*** Opening Dataset entries ***

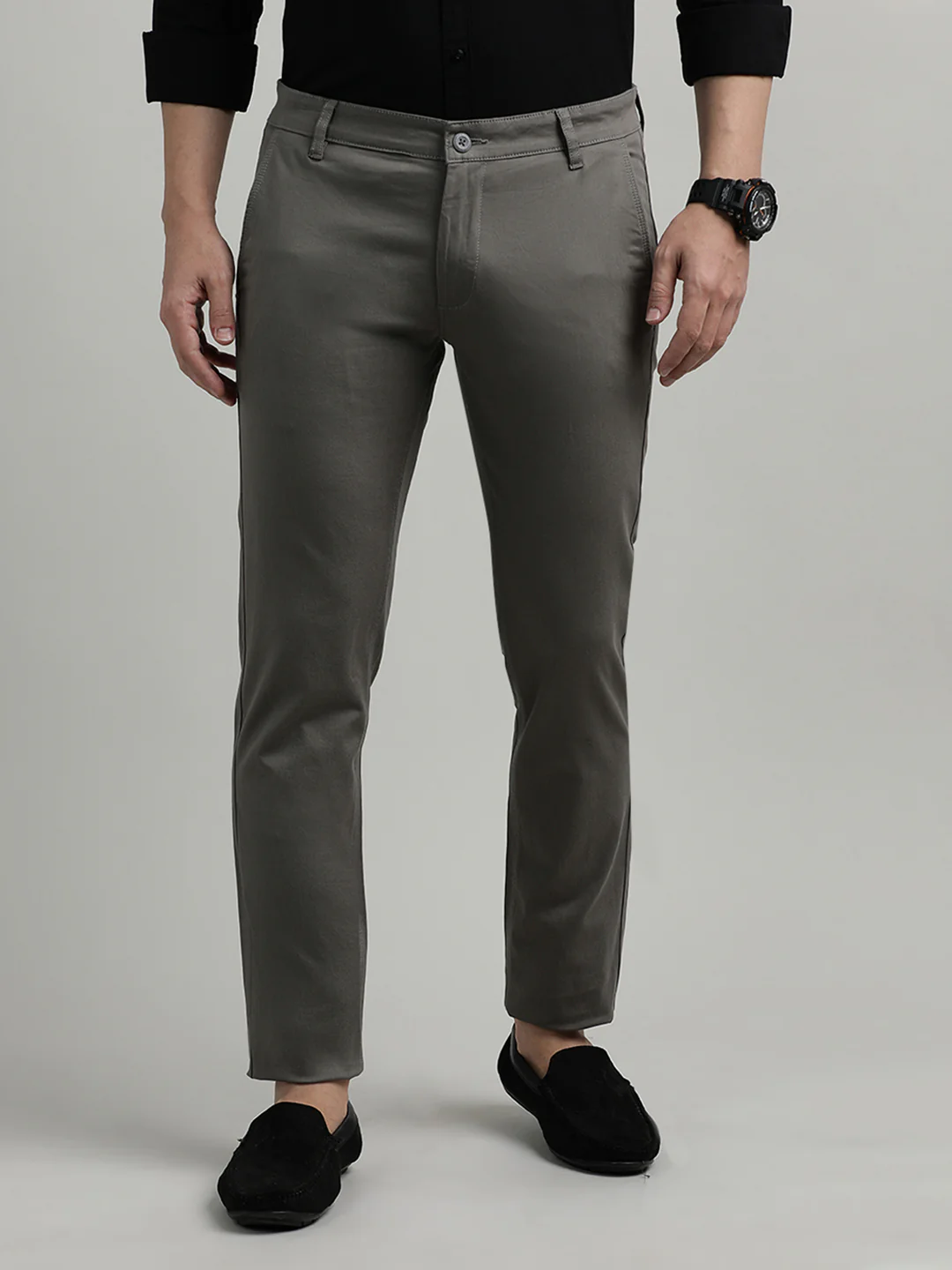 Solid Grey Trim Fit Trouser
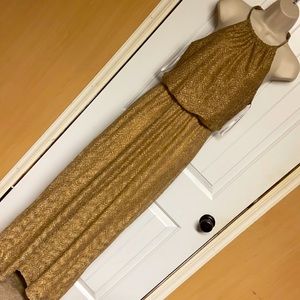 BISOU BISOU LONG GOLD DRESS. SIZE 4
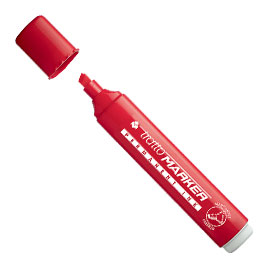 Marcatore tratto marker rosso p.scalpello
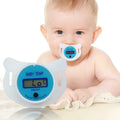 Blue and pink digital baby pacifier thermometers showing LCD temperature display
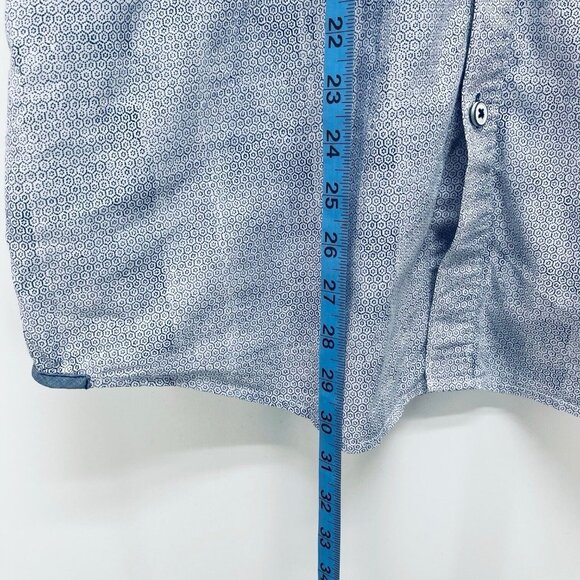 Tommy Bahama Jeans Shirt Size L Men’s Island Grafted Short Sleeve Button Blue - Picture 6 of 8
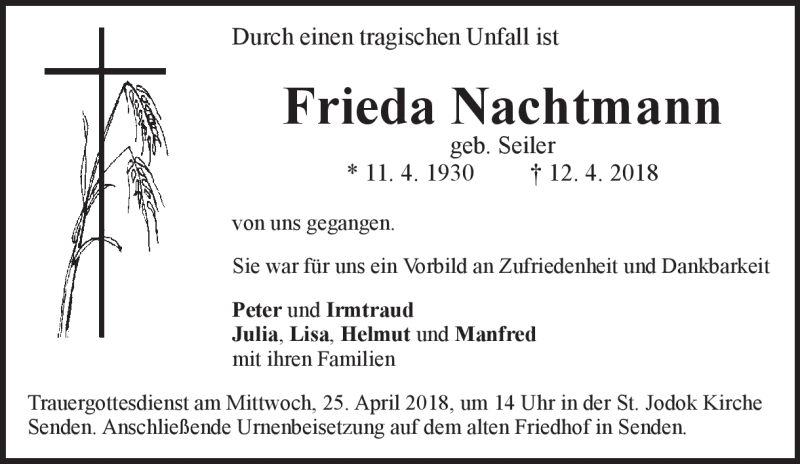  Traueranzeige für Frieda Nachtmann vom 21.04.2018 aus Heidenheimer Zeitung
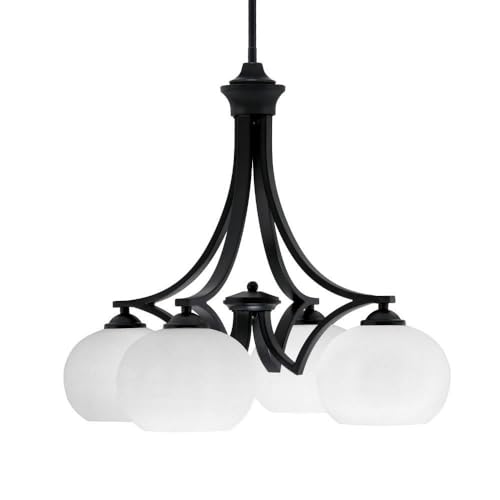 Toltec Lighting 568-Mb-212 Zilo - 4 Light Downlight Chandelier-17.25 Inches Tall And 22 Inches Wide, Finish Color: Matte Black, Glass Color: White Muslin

*** Closing Dataset entries ***

◆ Work required ◆
Repeat each line above exactly. The pictures stay out.

◆ Result ◆
 Solid Grey Trim Fit Trouser
 BISOU BISOU LONG GOLD DRESS. SIZE 4
 Marcatore tratto marker rosso p.scalpello
 Blue and pink digital baby pacifier thermometers showing LCD temperature display
 Tommy Bahama Jeans Shirt Size L Men’s Island Grafted Short Sleeve Button Blue - Picture 6 of 8
  Traueranzeige für Frieda Nachtmann vom 21.04.2018 aus Heidenheimer Zeitung
 Toltec Lighting 568-Mb-212 Zilo - 4 Light Downlight Chandelier-17.25 Inches Tall And 22 Inches Wide, Finish Color: Matte Black, Glass Color: White Muslin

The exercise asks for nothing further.